Tuesday 18 June 2019
Establishment darling Rory Stewart’s run for the Tory leadership took another odd twist last night as he threatened to block No Deal Brexit at a hustings in Westminster.
“I, and nearly 100 of my colleagues, would vote to prevent a No Deal Brexit without having to bring down a Conservative government,” Stewart told lobby journalists
The only concrete takeaway from Stewart’s claim is he will not vote down the government in a no confidence motion, which the Labour Party is angling after in order to get a general election.
Note, in true summer holiday spirit deputy leader Tom Watson said Labour is the party of Remain yesterday. Corbyn should think twice about wanting that election.
Back to Stewart, Westmonster make the astute observation, with help from the Institute for Government that blocking No Deal is impossible. Indeed, blocker in chief, Oliver Letwin admitted as such last week so Rory’s talking nonsense, just like when he said 80% of the public supported Theresa May’s EU treaty, which he still thinks is the way forward. The Independent report he is looking to reboot the dire deal.
Provided he gets at least 33 votes in today’s second ballot, Stewart will attend this evening’s televised debate, the first to feature Boris Johnson. There are fears now that the unashamed Remainer, who can debate will dig into Boris and turn the latter stages of the contest into a blue-on-blue psycho-drama, with Michael Gove reliving the stabbing in the back routine first planted in Boris at the last contest.

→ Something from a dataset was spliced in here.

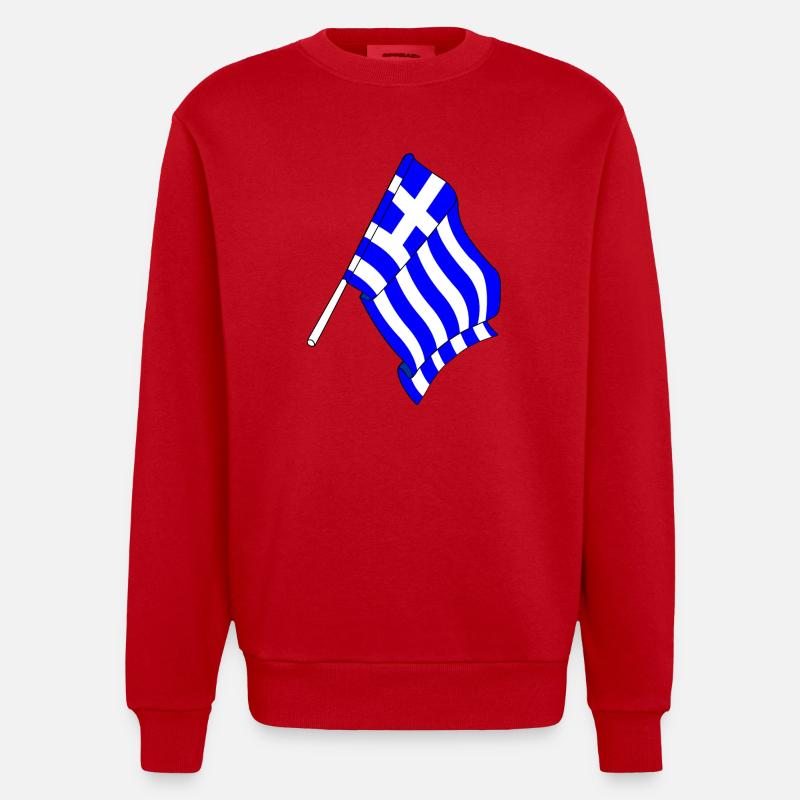 Drapeau de la Grèce - Sweat bio épais oversize fabriqué en UE - rouge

Gove tries to muscle past Stewart today with a column in the Times where he rightly argues: “The final two should be candidates who believe in Brexit, who can deliver it and who can unite the party.”
Gove, as a Brexiteer (in his mind at least), sees himself as the only worthy candidate to face off Boris in the run-off.

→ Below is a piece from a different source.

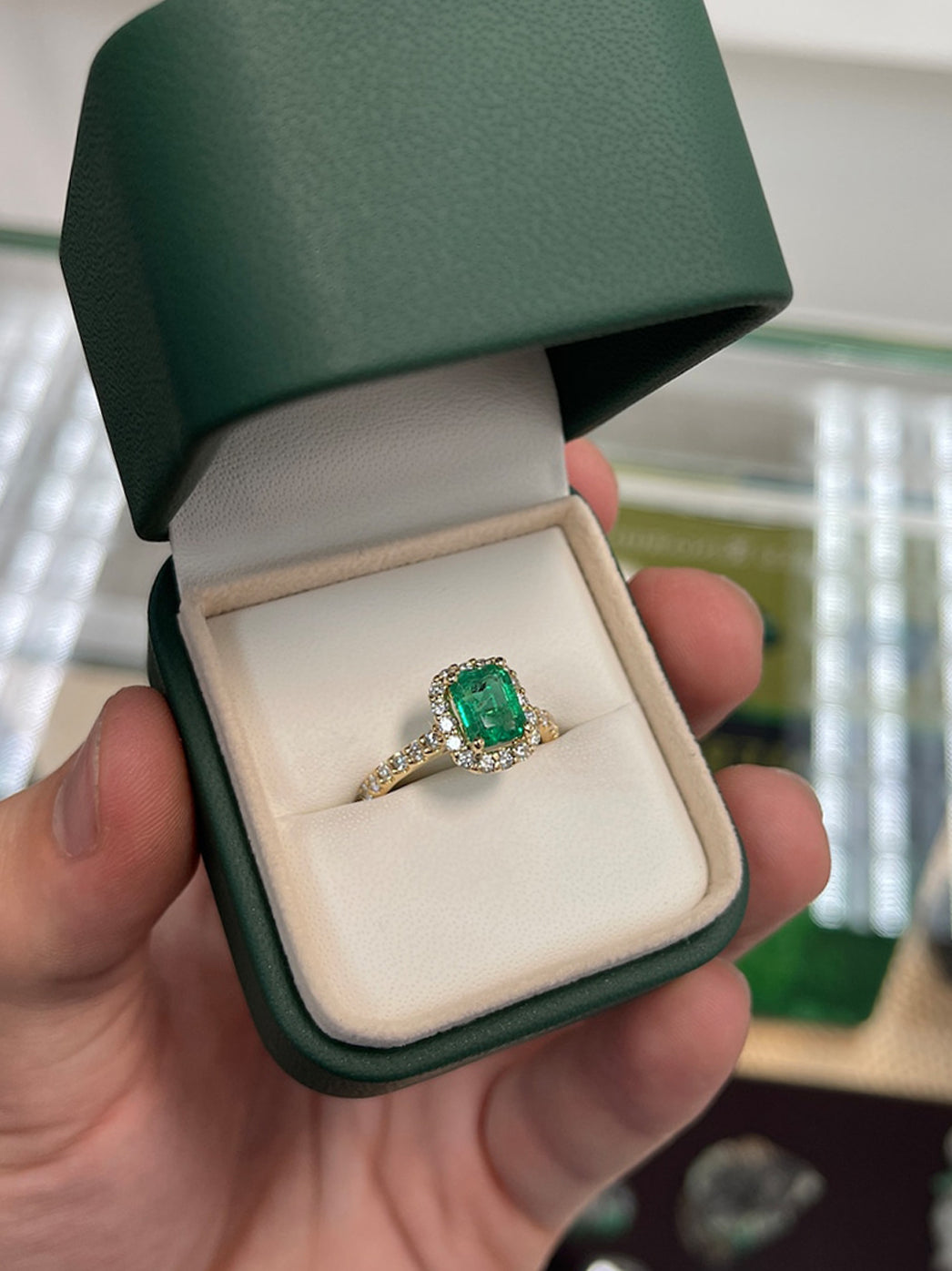 2.30tcw 14K High Quality Vivid Green Real Emerald & Diamond Halo Engagement Ring - JR Colombian Emeralds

But Gove’s thin pitch goes to the heart of the problem, too many candidates are talking around Brexit rather than about it. Case in point, Stewart’s miracle cure of a “citizens’ assembly” only offloads the problem without doing anything to resolve it. No doubt, the people are better equipped to resolve such issues, but that doesn’t mean they will succeed. Just look at Ireland, where they are embedded in the constitution. In Dublin, the ledger is full of unresolved policy questions that have had the assembly treatment.
Praise, therefore, goes out, once again, to Steve Baker (see tweet below and linked thread) who eviscerated the Withdrawal Agreement yesterday as a reminder that it cannot return to the debate. Here’s one of many good examples:
“The Northern Irish Protocol (‘backstop’) has no exit clause unless agreed by the EU, so is unique for an international treaty. It would trap the UK and severely reduce scope for negotiation on any future agreement.”
Too many leadership candidates think the backstop is the only problem with the Withdrawal Agreement.
Via https://t.co/CXucj4L5NY, “What is wrong with the WA” (thread)
— Steve Baker MP (@SteveBakerHW) June 17, 2019
Like Baker, Mark Francois is backing Boris for not equivocating over May’s deal and his determination to get us out of the EU by the end of October. In a piece for Brexit Central, Francois concedes Raab has taken a similarly admirable posture, but Boris is the man, getting extra points for actually saying, “the deal is dead”.
Additional credit if, as rumoured in the Telegraph, Boris evacuates all the Remainer dead wood from the cabinet upon taking charge.
A YouGov poll finds he is rated highly by 77% of Tory members, more than double Stewart’s 31%. Gove is on 50%, Jeremy Hunt is on 56%. Raab isn’t too far behind his fellow Brexiteer on 68%.
most significantly, almost half of the Tory selectorate want Nigel Farage as their leader, that tells you something. Front page of the Express today is a vow by the Brexit Party chief to not form a pact with the Tories.
His support is “not up for grabs”. Great man.